*What is expected*
Look in the listing below for the line that has "43270 N Plum", then return it and each following line up to and including the one with "ชุดสโนว์ไวท์เซ็ท เสื้อแวววาวน้ำเงิน +", exactly and without pictures.
Data for this task section start
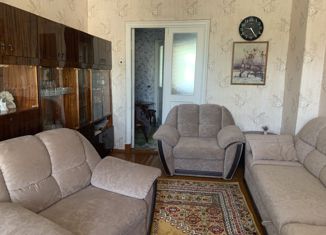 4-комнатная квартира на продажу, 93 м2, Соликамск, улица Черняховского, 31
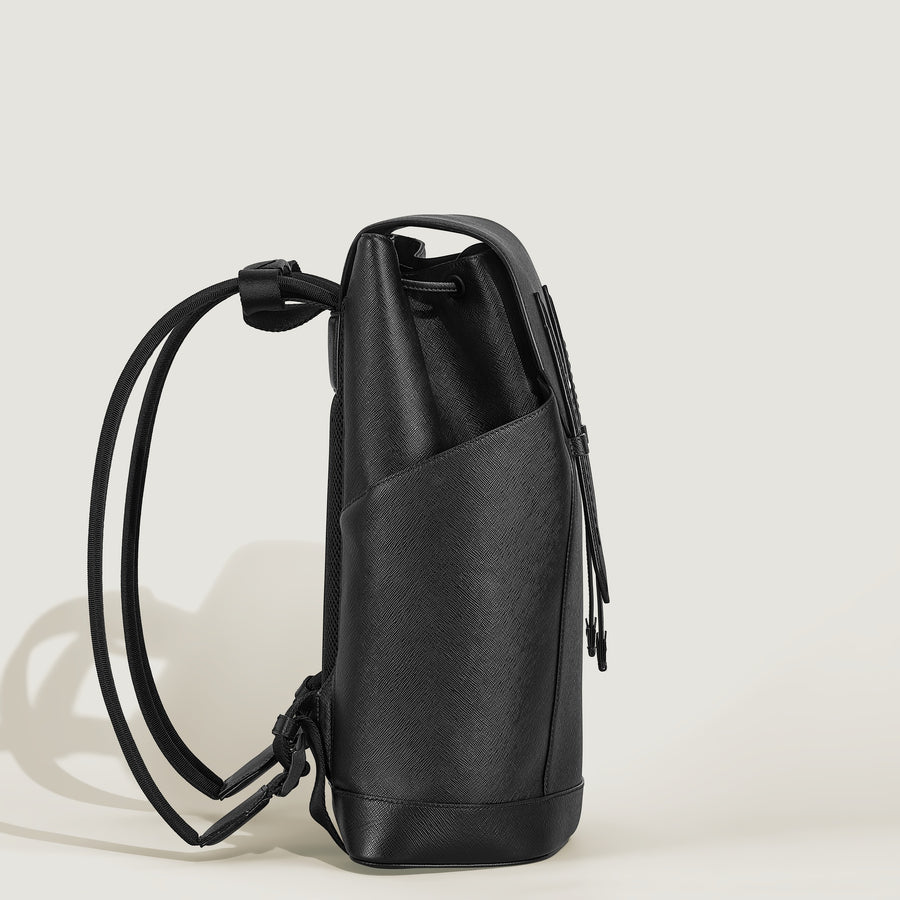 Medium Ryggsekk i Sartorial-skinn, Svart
Data for this task section end
Data for this task section start
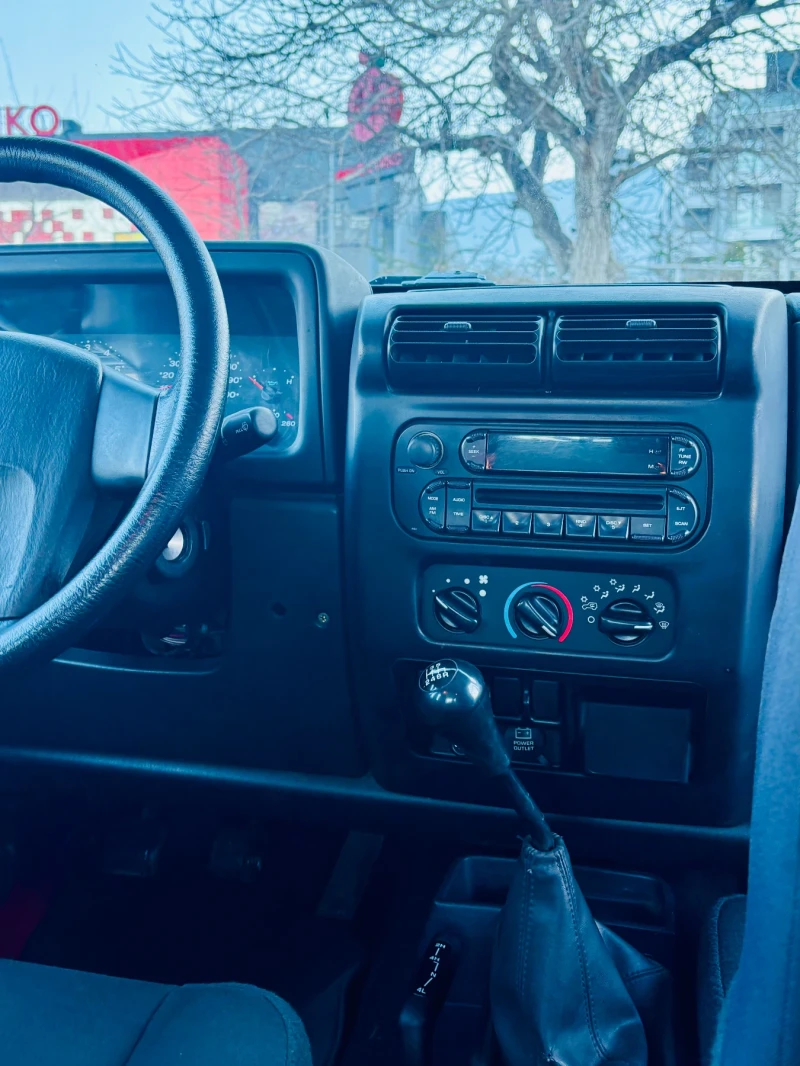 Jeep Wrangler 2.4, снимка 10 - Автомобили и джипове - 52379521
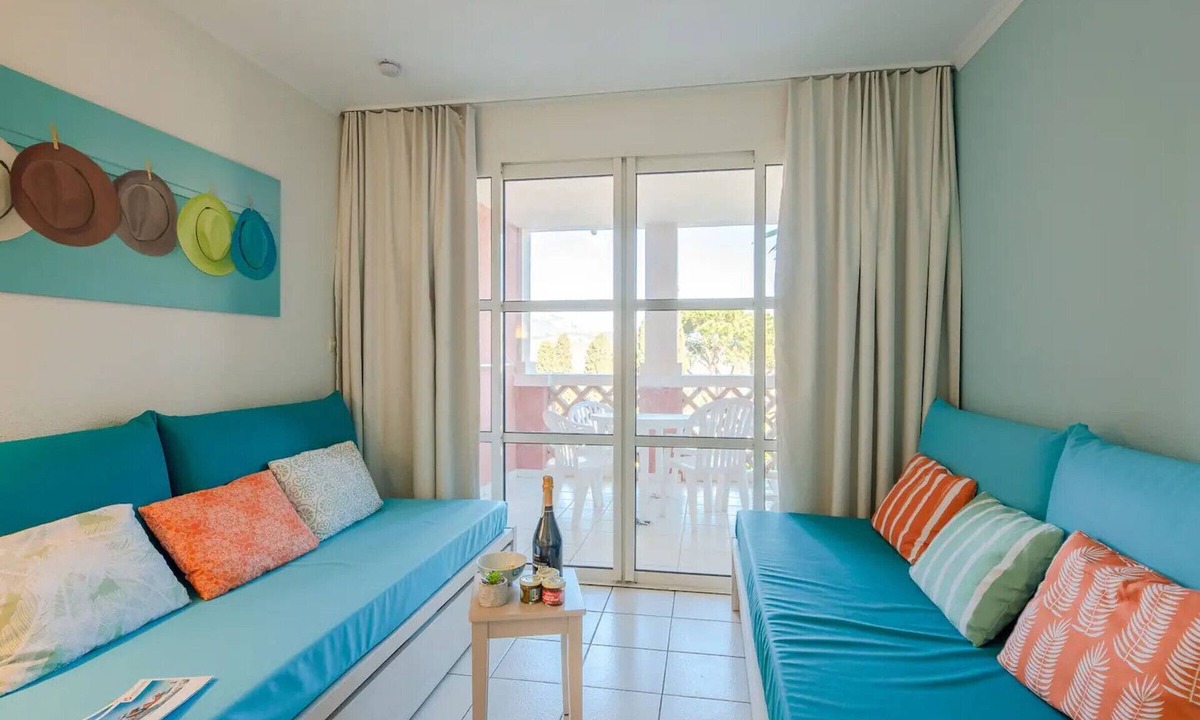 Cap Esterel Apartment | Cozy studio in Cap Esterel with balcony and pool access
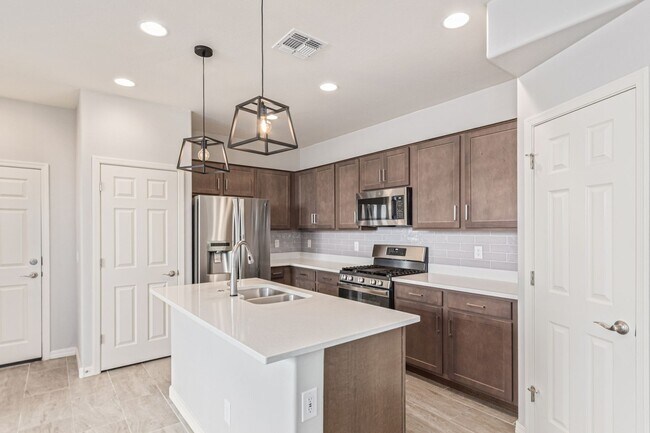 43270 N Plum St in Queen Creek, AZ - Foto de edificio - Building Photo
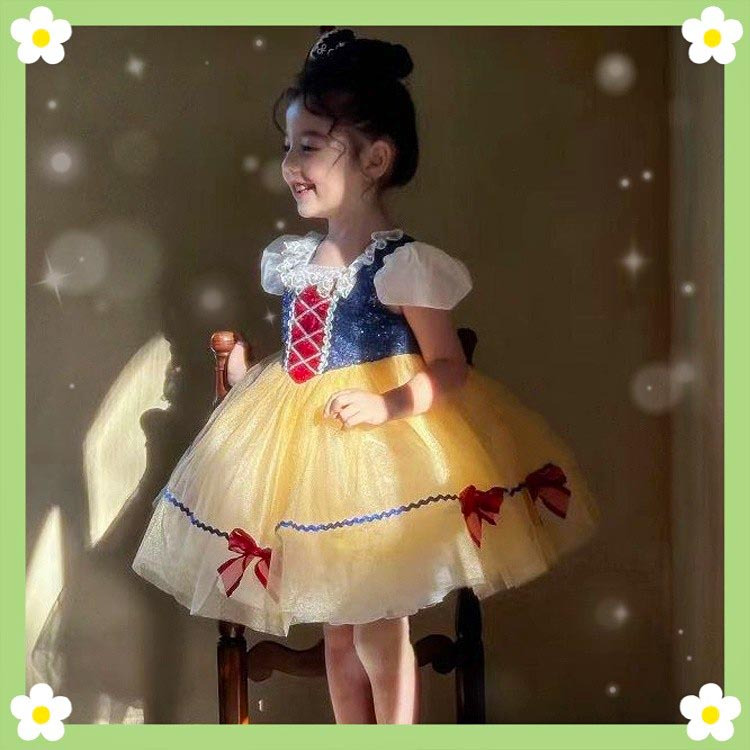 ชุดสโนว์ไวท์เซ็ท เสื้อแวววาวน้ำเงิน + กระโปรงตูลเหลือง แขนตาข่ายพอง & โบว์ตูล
Data for this task section end
*Written solution*
 43270 N Plum St in Queen Creek, AZ - Foto de edificio - Building Photo
 ชุดสโนว์ไวท์เซ็ท เสื้อแวววาวน้ำเงิน + กระโปรงตูลเหลือง แขนตาข่ายพอง & โบว์ตูล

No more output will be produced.